- _Problem statement_: With the images left out, print every entry that follows exactly.

- _Materials provided_:
■ ■ ■ ■
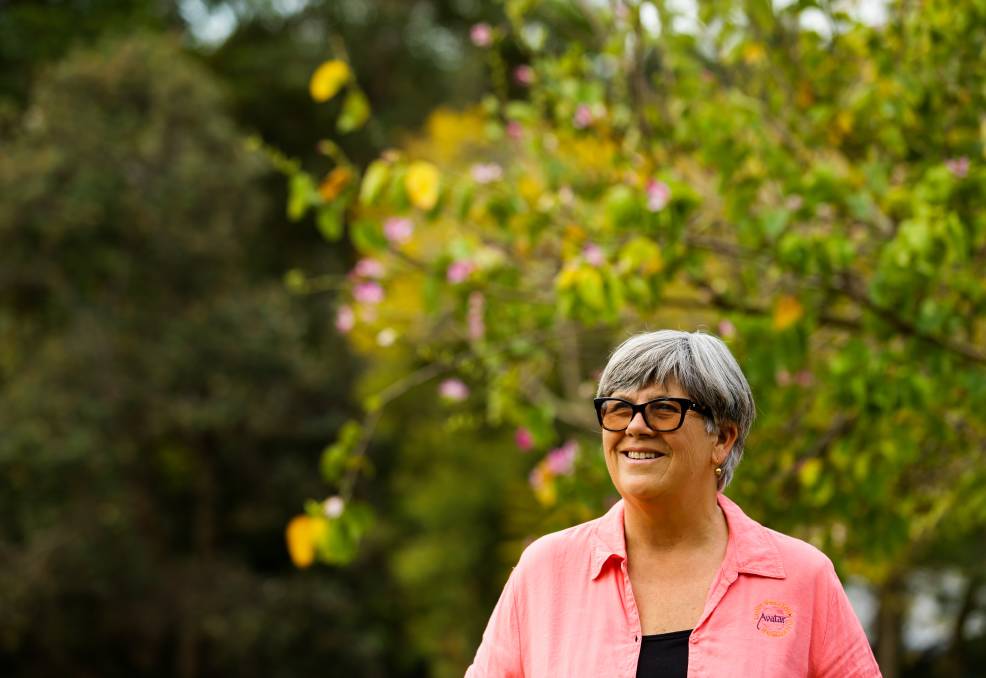 Woman wearing a bright pink shirt and sunglasses out in nature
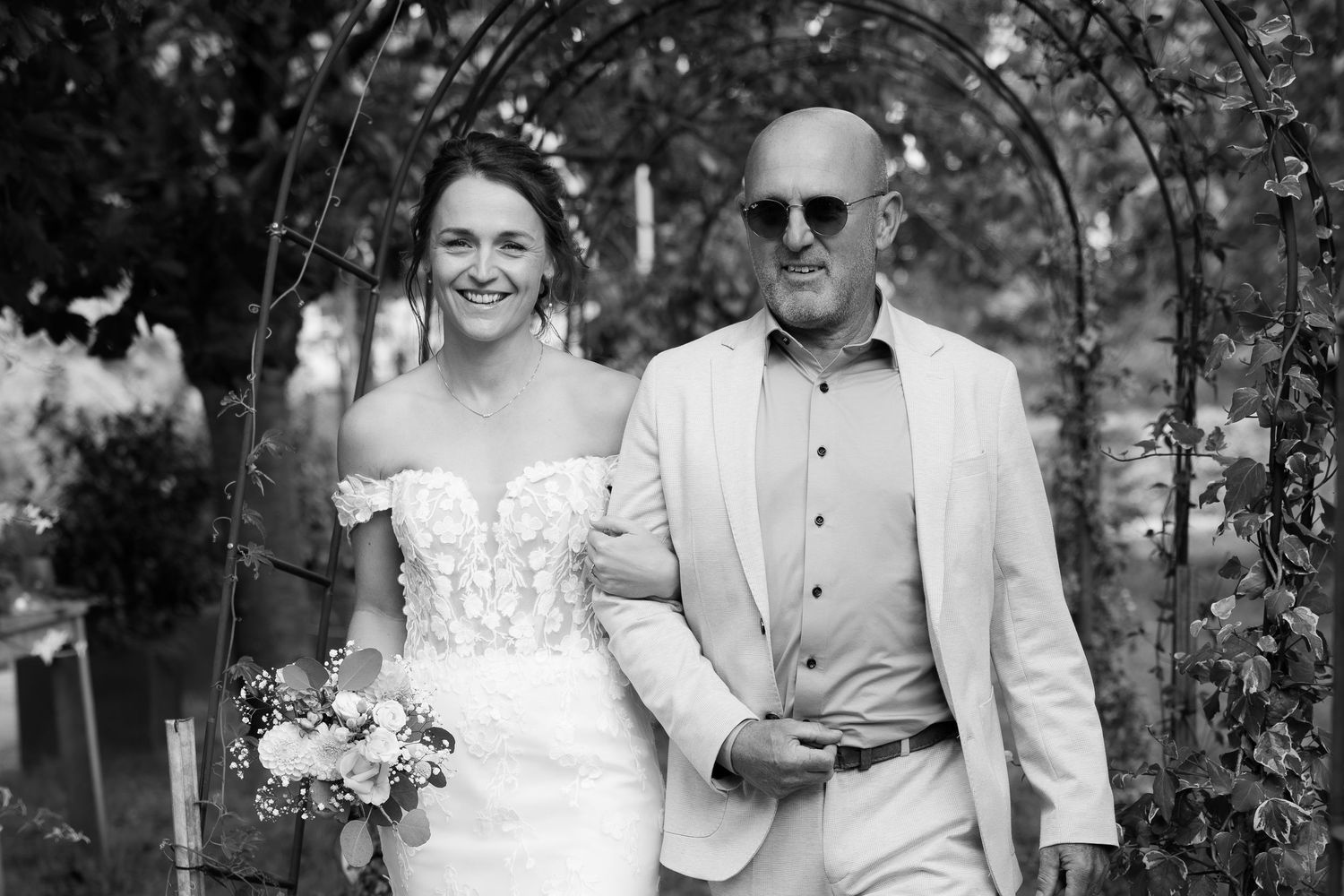 Black and white photo of a smiling bride in a strapless lace gown walking with a man in a suit under a floral arch.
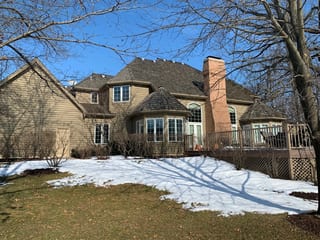 Before: a worn out wood shake roof on the home, Crystal Lake, Illinois, ahead of a Deep Charcoal Interlock Slate aluminum roof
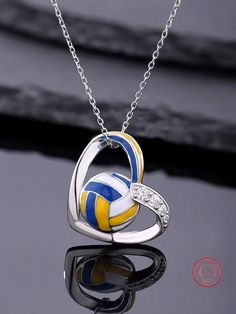 a volleyball ball is in the shape of a heart on a chain with diamond accents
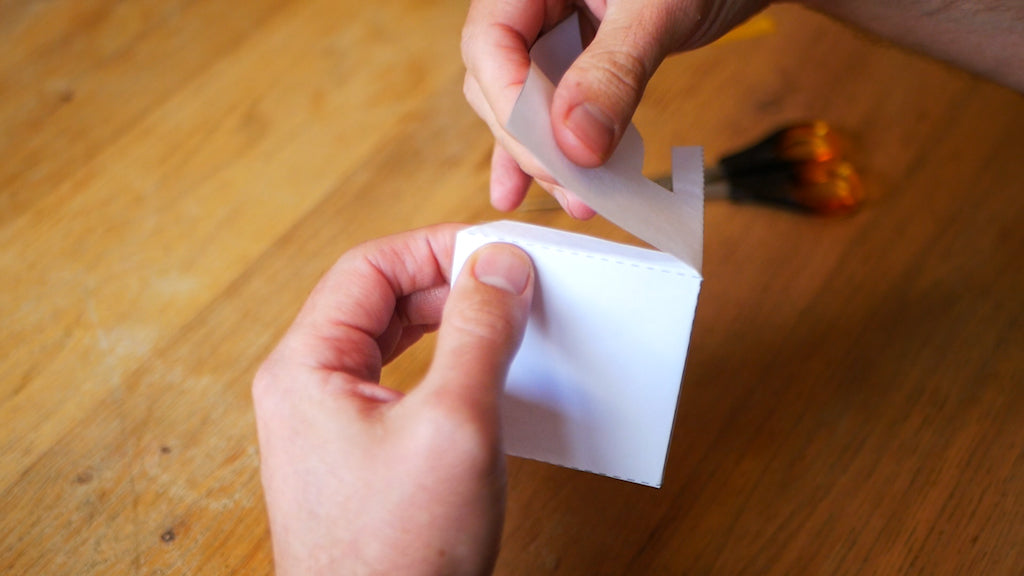 Photo of a paper tab folded from the top of the paper ghost being stuck to the side of the paper ghost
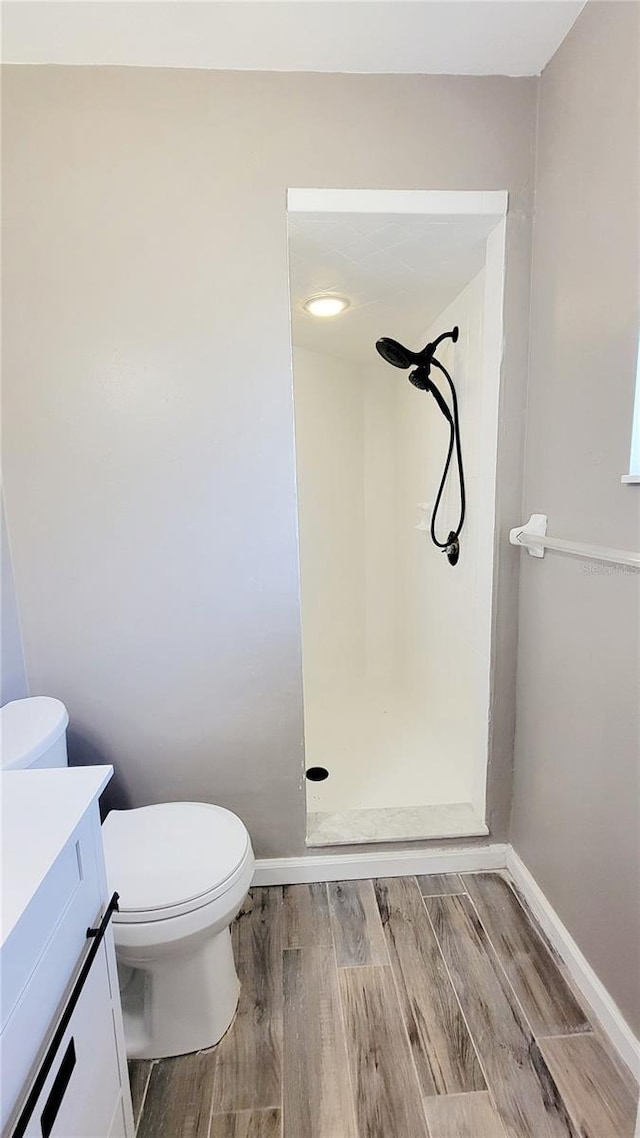 full bath featuring toilet, wood finished floors, a shower stall, baseboards, and vanity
■ ■ ■ ■
- _Written response_:
 Woman wearing a bright pink shirt and sunglasses out in nature
 Black and white photo of a smiling bride in a strapless lace gown walking with a man in a suit under a floral arch.
 Before: a worn out wood shake roof on the home, Crystal Lake, Illinois, ahead of a Deep Charcoal Interlock Slate aluminum roof
 a volleyball ball is in the shape of a heart on a chain with diamond accents
 Photo of a paper tab folded from the top of the paper ghost being stuck to the side of the paper ghost
 full bath featuring toilet, wood finished floors, a shower stall, baseboards, and vanity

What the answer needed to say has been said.